Your response should reproduce every line of the entries that contains the word "Invitation".
─── INFORMATION ───
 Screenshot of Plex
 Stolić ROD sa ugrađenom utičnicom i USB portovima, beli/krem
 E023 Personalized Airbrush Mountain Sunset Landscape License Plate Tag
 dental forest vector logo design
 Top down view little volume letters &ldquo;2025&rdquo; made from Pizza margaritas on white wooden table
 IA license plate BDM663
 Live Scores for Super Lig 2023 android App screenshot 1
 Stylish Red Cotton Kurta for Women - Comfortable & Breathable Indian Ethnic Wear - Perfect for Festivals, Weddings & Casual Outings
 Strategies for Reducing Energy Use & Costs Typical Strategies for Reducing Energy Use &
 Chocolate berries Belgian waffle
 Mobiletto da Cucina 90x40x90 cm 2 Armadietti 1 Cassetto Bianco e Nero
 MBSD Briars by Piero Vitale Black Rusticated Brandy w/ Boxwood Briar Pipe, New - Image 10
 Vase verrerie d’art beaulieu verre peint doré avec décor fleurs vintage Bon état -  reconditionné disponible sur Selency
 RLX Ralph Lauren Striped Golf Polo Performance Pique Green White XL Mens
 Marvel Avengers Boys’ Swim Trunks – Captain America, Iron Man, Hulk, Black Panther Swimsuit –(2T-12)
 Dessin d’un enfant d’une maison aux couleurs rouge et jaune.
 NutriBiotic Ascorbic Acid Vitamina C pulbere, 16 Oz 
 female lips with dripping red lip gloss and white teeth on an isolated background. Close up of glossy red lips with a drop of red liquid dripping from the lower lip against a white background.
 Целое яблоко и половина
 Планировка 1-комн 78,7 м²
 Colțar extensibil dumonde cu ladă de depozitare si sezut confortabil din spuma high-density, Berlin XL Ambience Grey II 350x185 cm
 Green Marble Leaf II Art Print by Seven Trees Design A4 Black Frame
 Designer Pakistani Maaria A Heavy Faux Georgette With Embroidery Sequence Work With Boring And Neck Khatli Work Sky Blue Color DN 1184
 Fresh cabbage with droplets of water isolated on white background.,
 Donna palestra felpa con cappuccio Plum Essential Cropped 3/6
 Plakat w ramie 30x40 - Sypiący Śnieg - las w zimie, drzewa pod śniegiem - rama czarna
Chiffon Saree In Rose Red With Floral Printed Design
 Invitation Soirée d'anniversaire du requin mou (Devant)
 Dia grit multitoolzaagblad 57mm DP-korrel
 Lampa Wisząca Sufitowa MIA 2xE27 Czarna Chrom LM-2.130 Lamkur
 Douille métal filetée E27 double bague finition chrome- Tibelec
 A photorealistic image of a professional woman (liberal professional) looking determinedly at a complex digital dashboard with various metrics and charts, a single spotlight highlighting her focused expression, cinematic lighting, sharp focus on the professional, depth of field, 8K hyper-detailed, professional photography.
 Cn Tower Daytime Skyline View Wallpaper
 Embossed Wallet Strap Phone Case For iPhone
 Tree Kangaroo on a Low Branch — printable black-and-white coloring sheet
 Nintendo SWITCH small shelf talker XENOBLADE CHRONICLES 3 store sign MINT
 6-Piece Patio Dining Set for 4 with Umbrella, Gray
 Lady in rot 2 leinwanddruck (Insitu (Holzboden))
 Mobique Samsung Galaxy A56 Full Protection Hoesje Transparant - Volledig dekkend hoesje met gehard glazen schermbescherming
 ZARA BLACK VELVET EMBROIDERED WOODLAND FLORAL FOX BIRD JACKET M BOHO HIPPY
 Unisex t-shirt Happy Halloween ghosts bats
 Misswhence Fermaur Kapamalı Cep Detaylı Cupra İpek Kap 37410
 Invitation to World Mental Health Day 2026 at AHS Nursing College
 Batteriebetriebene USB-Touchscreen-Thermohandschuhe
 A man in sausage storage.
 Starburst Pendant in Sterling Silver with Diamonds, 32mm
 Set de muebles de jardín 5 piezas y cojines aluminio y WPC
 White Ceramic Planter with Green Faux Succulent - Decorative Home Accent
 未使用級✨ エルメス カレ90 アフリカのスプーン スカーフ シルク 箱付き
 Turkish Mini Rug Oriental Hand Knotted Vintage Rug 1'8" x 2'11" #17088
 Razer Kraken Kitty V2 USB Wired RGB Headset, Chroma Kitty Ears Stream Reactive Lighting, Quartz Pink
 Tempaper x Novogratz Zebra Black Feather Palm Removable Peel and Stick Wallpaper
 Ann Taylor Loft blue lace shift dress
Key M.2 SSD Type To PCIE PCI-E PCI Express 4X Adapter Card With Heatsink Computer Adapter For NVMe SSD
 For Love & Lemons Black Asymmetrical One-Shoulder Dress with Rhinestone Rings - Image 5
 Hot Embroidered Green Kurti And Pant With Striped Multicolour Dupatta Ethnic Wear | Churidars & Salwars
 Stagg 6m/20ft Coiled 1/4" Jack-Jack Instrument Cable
───
--- RESULT FOR THIS TASK ---
 Invitation Soirée d'anniversaire du requin mou (Devant)
 Invitation to World Mental Health Day 2026 at AHS Nursing College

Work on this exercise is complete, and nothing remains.